Lake Worth Monster

Creature information
- Other name(s): Texas Goatman, Mud-Man
- Similar entities: Goatman, Pope Lick Monster
- Folklore: Cryptid

Origin
- First attested: 1969
- Country: United States
- Region: Texas

= Lake Worth Monster =

Legendary creature in Texan folklore

In Texan folklore, the Lake Worth Monster is a legendary creature said to inhabit Lake Worth at the Fort Worth Nature Center and Refuge, just outside Fort Worth. The creature is often described as a "part-man, part-goat" with scales and long clawed fingers.

==History==
Reports of sightings by local citizens of "a half-man, half-goat, with fur and scales" in July 1969 led to the belief that a mysterious creature lived in Lake Worth. Newspapers reported the alleged sightings, including one in which the monster landed on a man's car after jumping out of a tree, and another in which it threw an automobile tire at a group of people. Newspapers also published a photograph purportedly taken of the creature by Allen Plaster, and locals began driving out to the lake at night to get a look at it. Local police investigated the claims, but found no evidence of the monster in the Lake Worth and Greer Island area. According to one reporter, the Goatman legend was spread via summer camp stories, where camp counselors told children to “listen carefully...and you’ll hear his cry on clear nights like tonight”.

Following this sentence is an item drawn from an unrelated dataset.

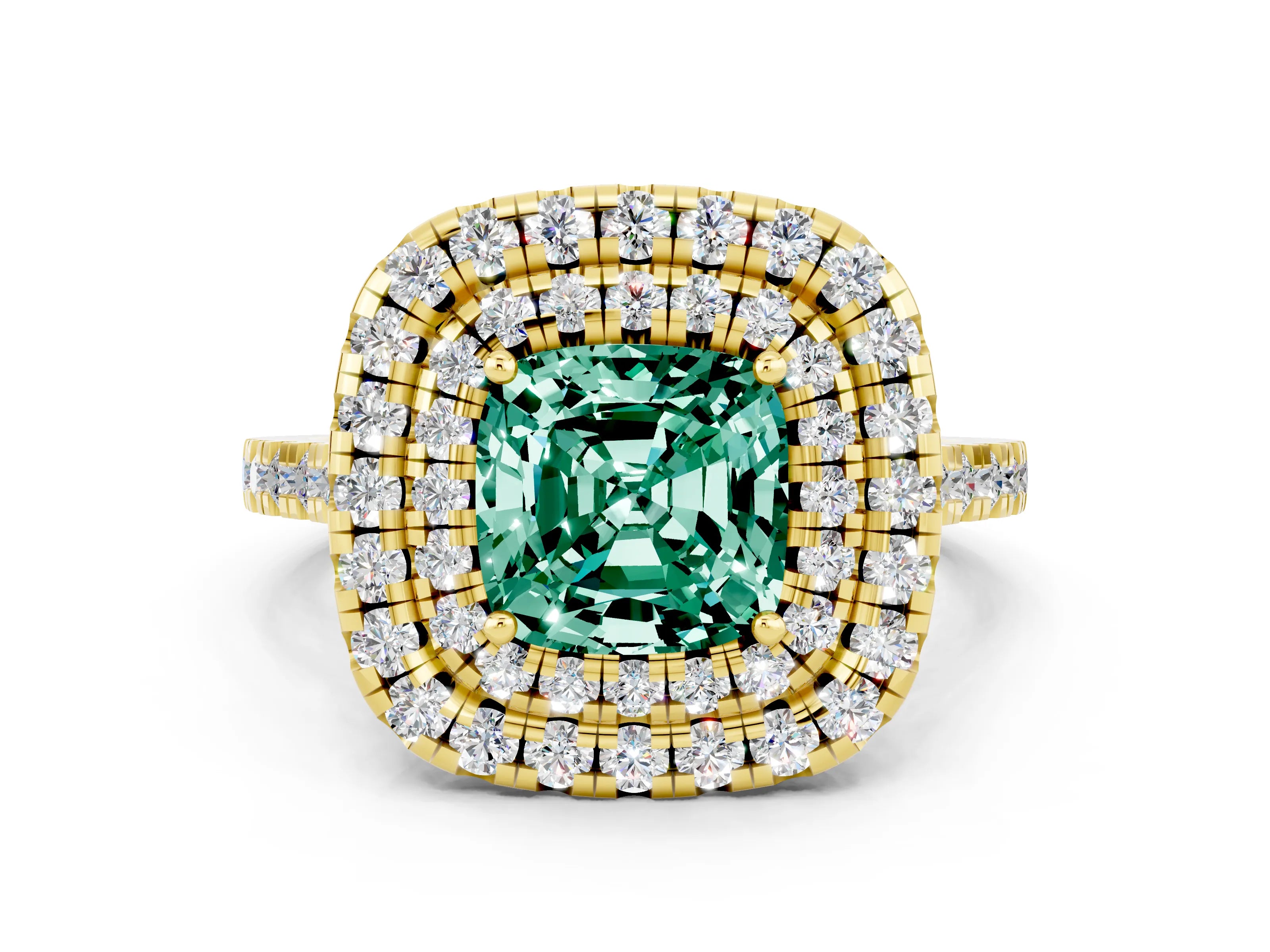 Yellow gold Double Halo Cushion Cut Green Sapphire Pavé Band with Four-Prong Setting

In a later interview, Allen Plaster commented on the photo, described as a man-sized "white furball", that he took while driving past the Nature Center in 1969. He said he believed that the sighting was a prank, stating “whatever it was, it wanted to be seen". Since reports of the monster ceased when school resumed, many suspected the incidents were pranks carried out by high school students. In 2005, a reporter at the Fort Worth Star-Telegram received an anonymous letter from someone claiming to be one of three high school classmates who, in the summer of 1969, "decided to go out to Lake Worth and scare people" using a tinfoil mask. In 2009, Fort Worth, Texas magazine published a report about an unidentified man who claimed that he had been a perpetrator of the tire-throwing incident.

Cryptozoologist-blogger Craig Woolheater said he believes the Lake Worth monster is an "undiscovered, uncataloged primate species that walks on two legs".

==Popular culture==
Since 2009 (the 40th anniversary of the sightings), the Fort Worth Nature Center and Refuge has held a Lake Worth Monster Bash each October. In 2019, the Fort Worth Water Department's H2OMG Podcast released a four part audio series on the legend of the Lake Worth Monster.